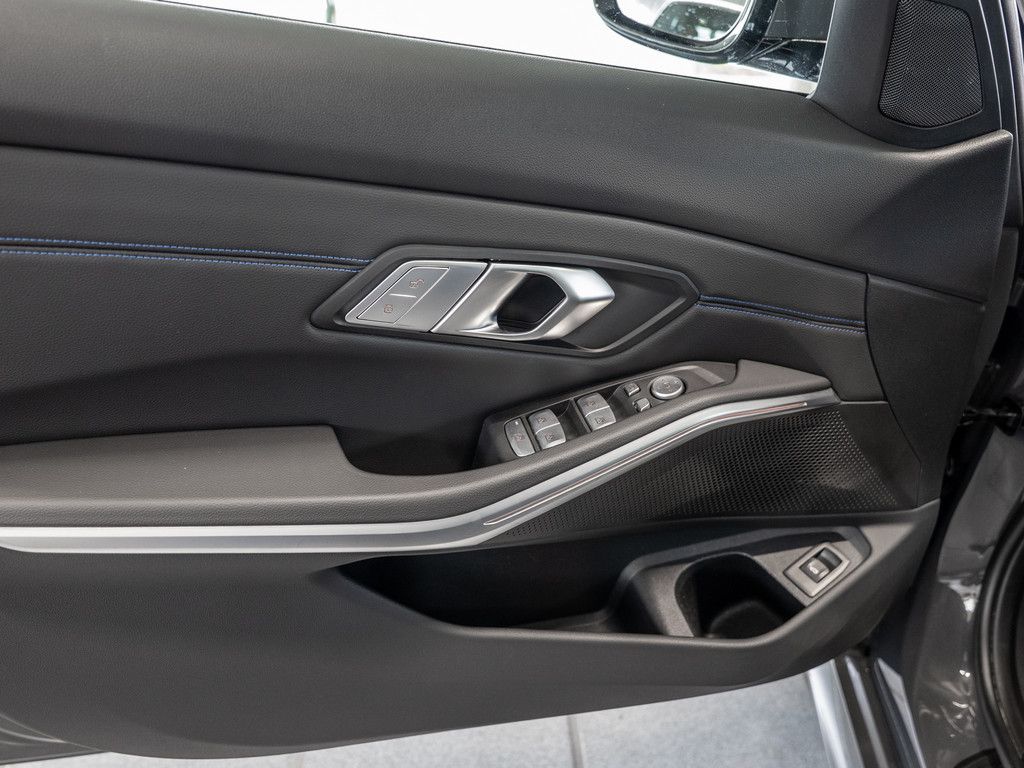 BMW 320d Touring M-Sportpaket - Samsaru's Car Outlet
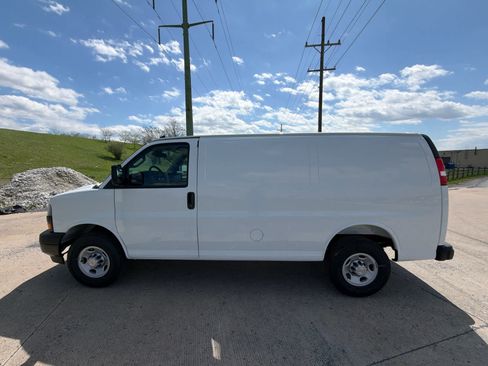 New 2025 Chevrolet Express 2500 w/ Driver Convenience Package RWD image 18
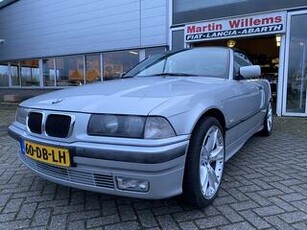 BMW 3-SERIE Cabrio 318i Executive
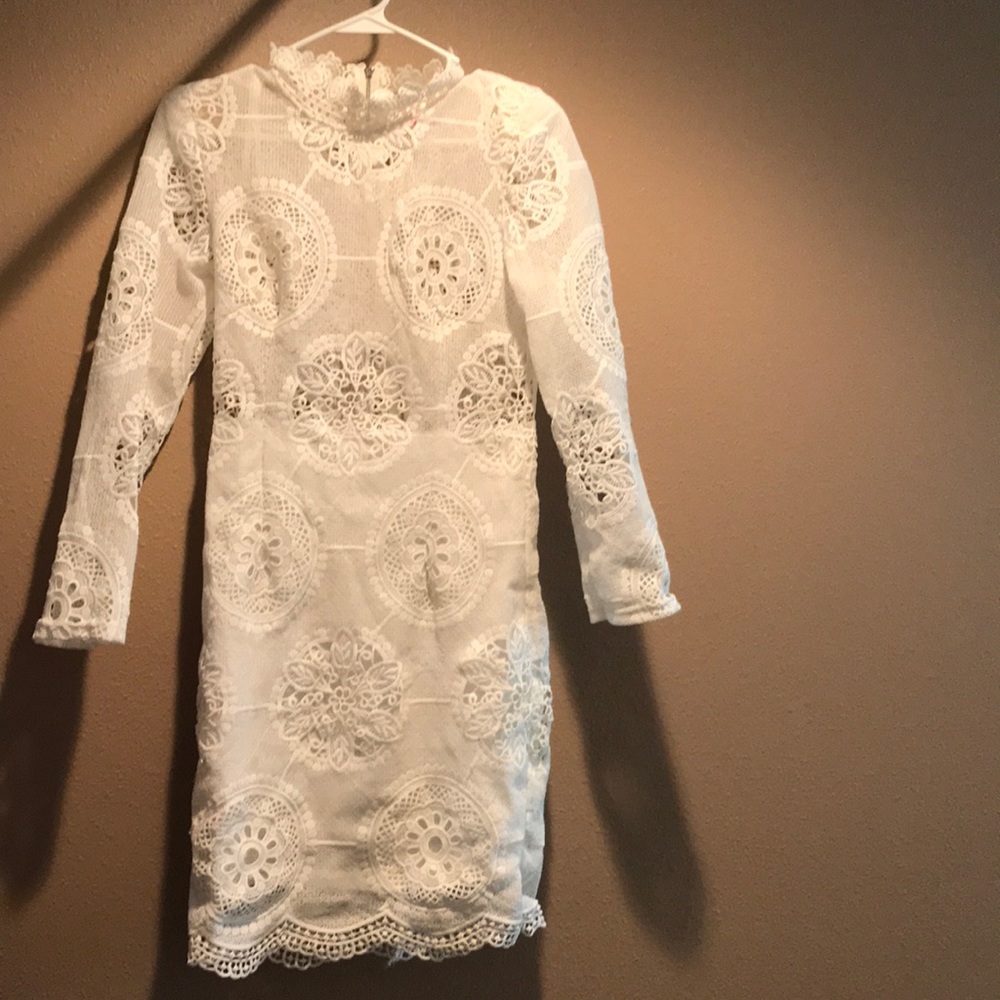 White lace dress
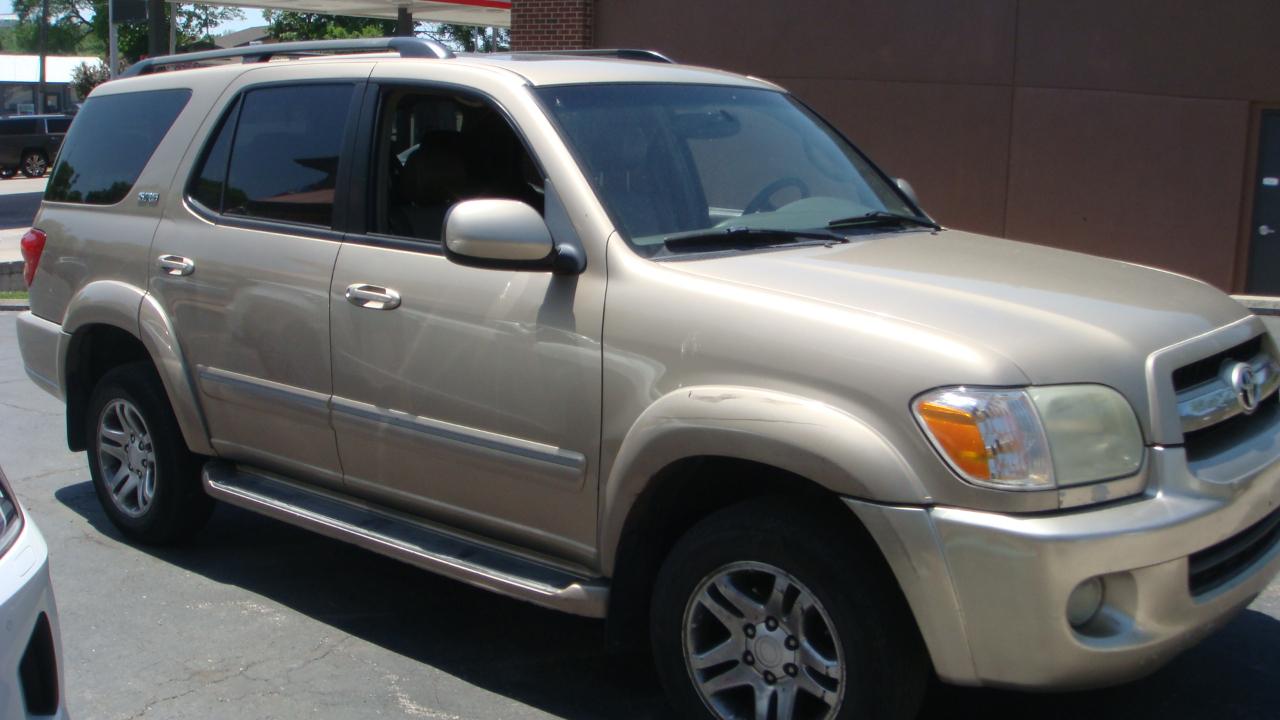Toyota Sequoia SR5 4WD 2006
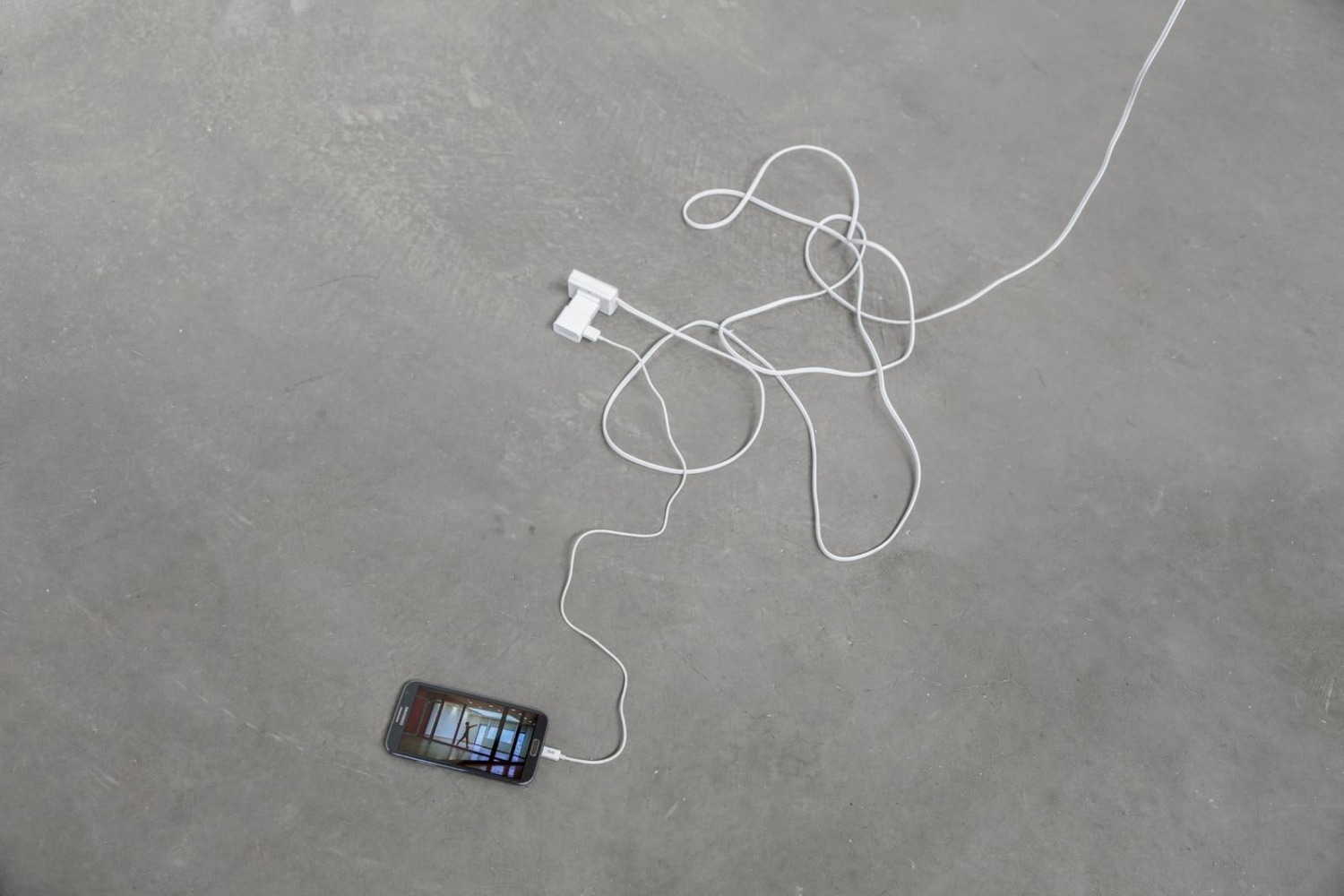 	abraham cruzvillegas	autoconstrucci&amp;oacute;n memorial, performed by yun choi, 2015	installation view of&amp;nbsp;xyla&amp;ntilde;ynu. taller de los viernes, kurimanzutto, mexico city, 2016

= = = = =

# [Task details]
Skip the pictures and restate exactly the lines from the beginning of the listing to the line with "Toyota Sequoia SR5 4WD 2006", that line included.

# [Response]
 BMW 320d Touring M-Sportpaket - Samsaru's Car Outlet
 New 2025 Chevrolet Express 2500 w/ Driver Convenience Package RWD image 18
 BMW 3-SERIE Cabrio 318i Executive
 White lace dress
Toyota Sequoia SR5 4WD 2006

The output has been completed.